--- Exercise ---
Return the records exactly as they appear below, omitting the pictures.

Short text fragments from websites
____
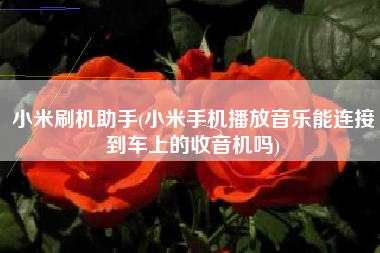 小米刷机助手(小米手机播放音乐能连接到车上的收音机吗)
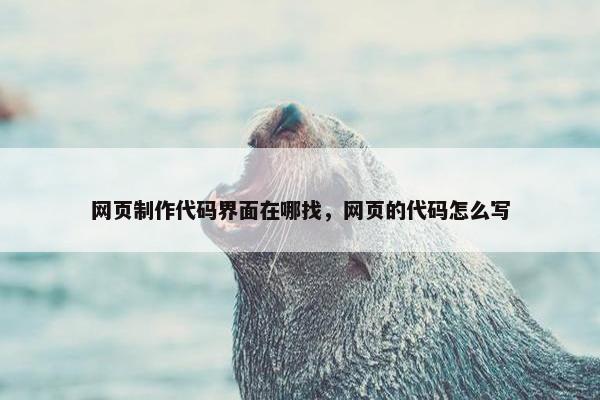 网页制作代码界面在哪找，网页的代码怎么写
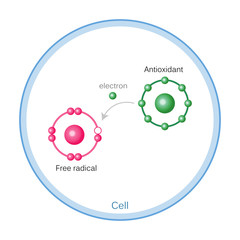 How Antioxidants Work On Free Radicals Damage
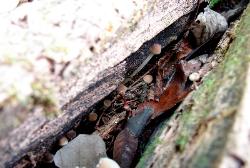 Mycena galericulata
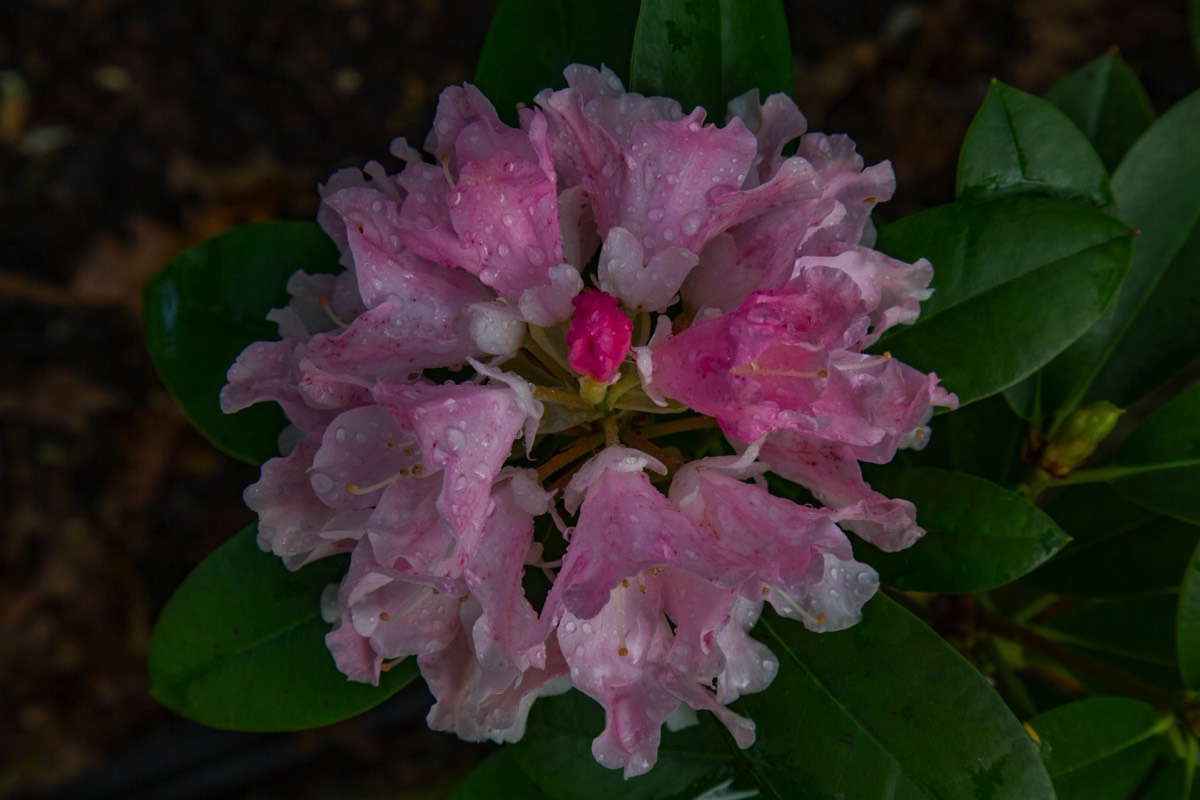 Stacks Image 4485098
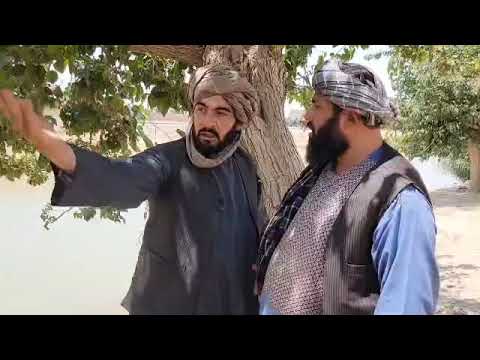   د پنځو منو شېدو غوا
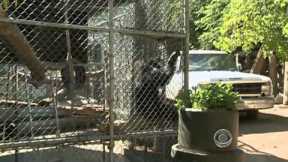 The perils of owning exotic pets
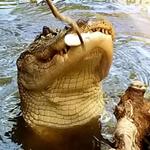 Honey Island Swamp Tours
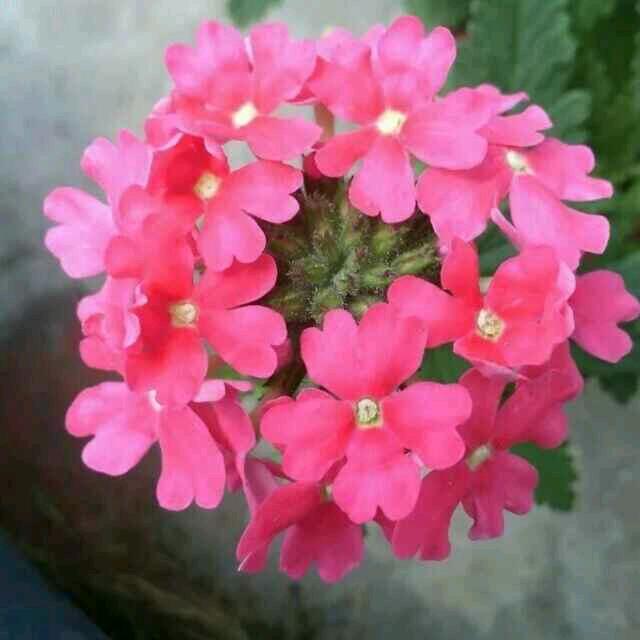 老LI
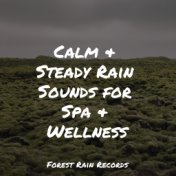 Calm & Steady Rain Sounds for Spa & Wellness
____
--- Solution ---
 小米刷机助手(小米手机播放音乐能连接到车上的收音机吗)
 网页制作代码界面在哪找，网页的代码怎么写
 How Antioxidants Work On Free Radicals Damage
 Mycena galericulata
 Stacks Image 4485098
   د پنځو منو شېدو غوا
 The perils of owning exotic pets
 Honey Island Swamp Tours
 老LI
 Calm & Steady Rain Sounds for Spa & Wellness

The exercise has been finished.